Is the “Structure – System – Staff” and the Role of the Chief Entrepreneurial Officer (Business owner) all aligned for optimal delivery?



Structure of an organization allows defining of who does what. Most small businesses operate with little or no structure, and roles and responsibilities overlap. When there are only few balls bouncing, all the balls may be handled well. But when the business grows, and there are too many balls to handle, the play becomes inefficient and more time is spent picking up the fallen balls than keeping all the balls bouncing. Having a well defined structure allows for role clarity and definition of competency needed for each role. This allows for division of labor and co-operative functioning within an organization, resulting in operational efficiencies.


Systems within an organization define how the work should get done for the best possible outcomes. Most work flow in a small enterprise is intuitive - therefore not very organized - resulting in suboptimal performance. When the business is small this will do but as the business grows, the operational complexity grows too.
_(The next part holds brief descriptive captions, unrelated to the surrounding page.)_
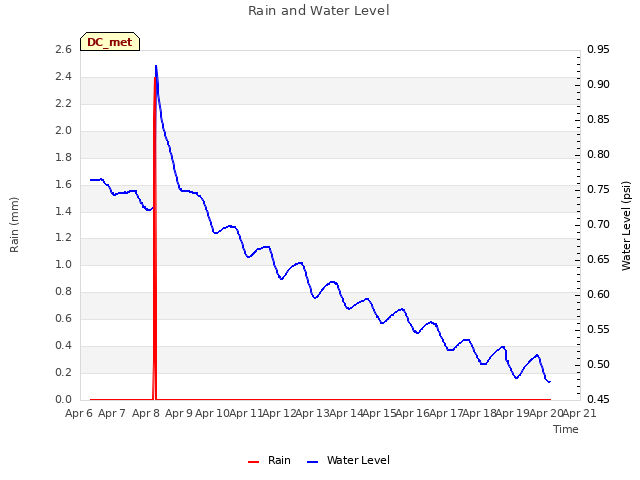 plot of Rain and Water Level
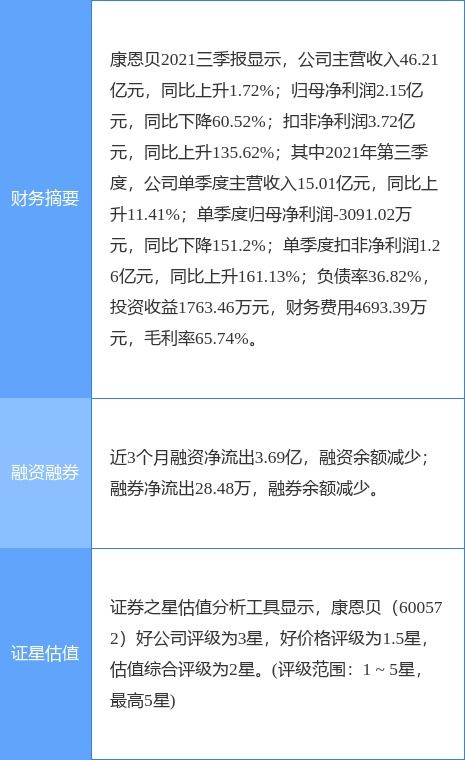 康恩貝最新公告 2021年凈利同比增長343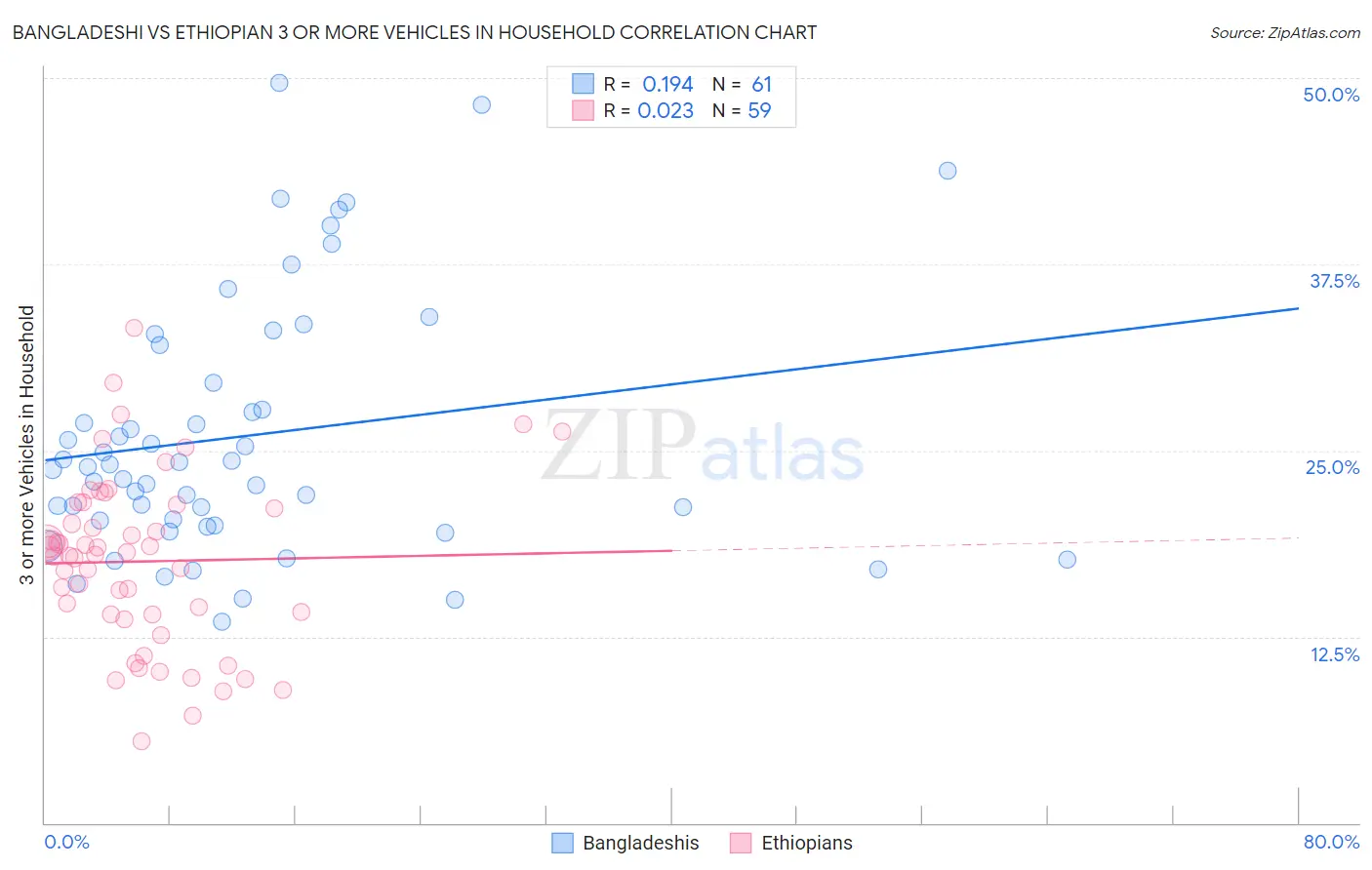 Bangladeshi vs Ethiopian 3 or more Vehicles in Household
The enterprise needs business process organization and the systems and processes have to be put in place.

Staffing becomes critical to keep pace with the growth of business. Issues like staff adequacy, competency and compensation need to be addressed strategically and professionally and cannot be done in an emergent manner.

Role of the business owner (Chief Entrepreneurial Office) changes over the life of the business. During the early stages, there is very little middle management and the business owner plays many roles and does most of the thinking, managing and doing. As the business grows it is impossible to continue doing this. Business owners need to let go and must allow others employees to take over many things they are used to doing.  Most business owners fail to do this and come in the way of their organization’s success. They become the bottleneck that prevents the business from making the transformation from being small to becoming big.

The role of the CEO, organizational structure, presence of standardized processes within a reliable system and competent staff that has well defined roles and is high on energy; create a potent interplay that enables an enterprise to gather the right momentum to make the transformation from being small to becoming big, by breaking through the phantom ceiling effect to create a scalable enterprise. Such a scalable enterprise travels on the autobahn to unlimited growth. Growth now happens because you have created a system that allows growth to happen, and the CEO is not a bottleneck but the engine for growth.

The next blog will address how the organizational structure of small business can be amended to facilitate its growth.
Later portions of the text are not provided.